ANATOMY OF A RECORD HANG
ca. the Spring of 2018
|Larry "Fuzz-O" Dolman||Oct 20, 2019|
On April 1st, 2018, at an otherwise undisclosed private residence in the Rogers Park neighborhood of Chicago, our subjects A and B sit down, open respective bottles of Larry's Latest Sour Ale, and prepare to listen to as many records as possible. Before anything is placed on the turntable, our subjects find themselves talking about Now More Than Ever, a recent Netflix documentary on the long-running rock band Chicago. Both reveal a strong appreciation for the band's early and mid-period work, with Subject A referring to the possibly apocryphal quote from Jimi Hendrix in which, after attending an early Los Angeles gig by what was then still known as the Chicago Transit Authority (or "the CTA"), he approached reeds/woodwinds player Walter Parazaider and told him, "your horn section has one lung, and your guitar player is better than me." Subjects A and B agree that Hendrix was at least half-wrong, definitely a(n even) better soloist, and inarguably a more breathtaking overall rock'n'roll presence, than original Chicago guitarist Terry Kath.
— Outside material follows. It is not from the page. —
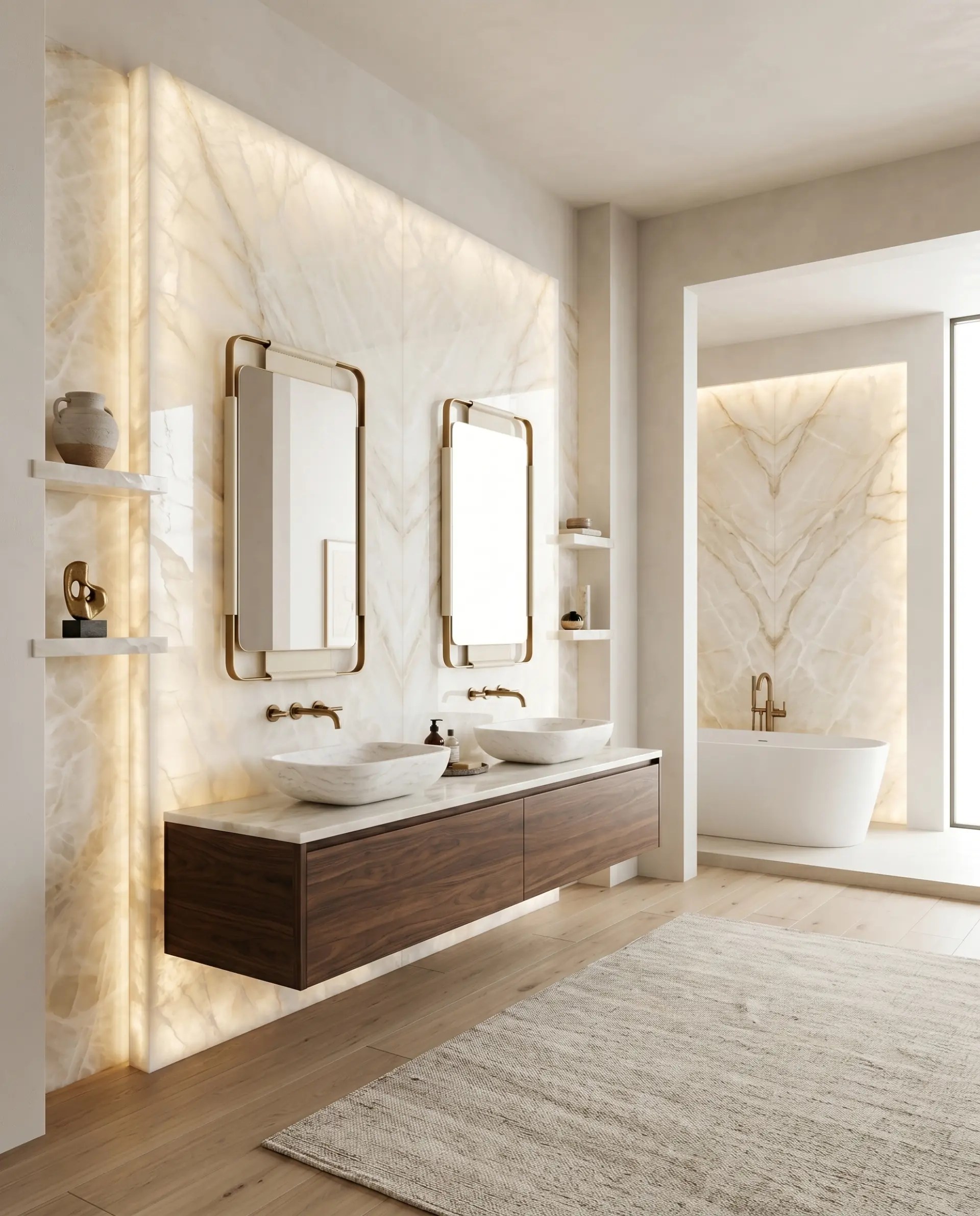 White Onyx inspiration – Bathroom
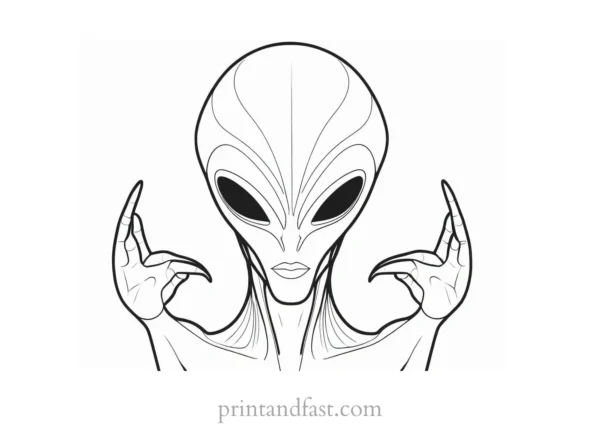 alien coloring page alien invasion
That said, Kath is inarguably a monster guitarist himself, also a great soloist and an even better rhythm guitarist, not to mention a great singer in the then-abundant 'white Ray Charles' mode. The documentary makes it extremely clear that the band was never the same after Kath's accidental gunshot death in 1978 at age 31. Subject B says he still likes the band's Cetera-forward pop chart hits of the 1980s; Subject A says he would've frivolously agreed before viewing the documentary, where the contrast between the bad-ass Kath years and the later lite-rock shite was so dire (the band essentially becoming a richer-man's Toto, whipping boys for writer/producer David Foster, with Cetera's chiseled-yet-gaunt health-nut countenance and glaring eyeballs an increasingly unsettling brand ambassador) that he changed his mind on the spot.
Yes, the subjects talked about Chicago (the band, not the city) for quite some time, perhaps too much time... though as a topic, the band was "only the beginning," the conversation extending to their enigmatic would-be Svengali, original manager James William Guercio, who stopped working with them in 1977, and did not agree to an interview for the documentary, but does appear (enigmatically) in archival footage. Subject A recommends, and Subject B notes (literally, in his smartphone), the strange cinematic experience that is Guercio's sole directorial effort, the 1973 film Electra Glide in Blue (with Kath and Cetera in small parts as biker-gang heavies). Subject B then brings up his recent discovery that keyboardist Robert Lamm was, both vocally and compositionally, a huge contributor to the classic Chicago sound (lead vocalist on "Beginnings" and "Does Anybody Really Know What Time It Is?," co-lead on "Saturday in the Park," to name just a few). Subject A agrees that he himself, while being familiar with Lamm’s work for decades, had only recently learned his name and role within the band, which is the conversational foray that finally starts the evening's music listening, as he goes on to tell Subject B that, in his role as notorious underground music journalist Larry "Fuzz-O" Dolman, he had recently received an email from a publicist promoting the new 2018 Ryley Walker album Deafman Glance, with a link to an advance track called "Telluride Speed." Though Subject A rarely listens to tracks linked in publicist emails, this time he did so almost immediately, right there on his phone, and thought to himself, laying on his couch after the first few (sparse) lines of vocals, "My God, young Walker's gone full Robert Lamm!"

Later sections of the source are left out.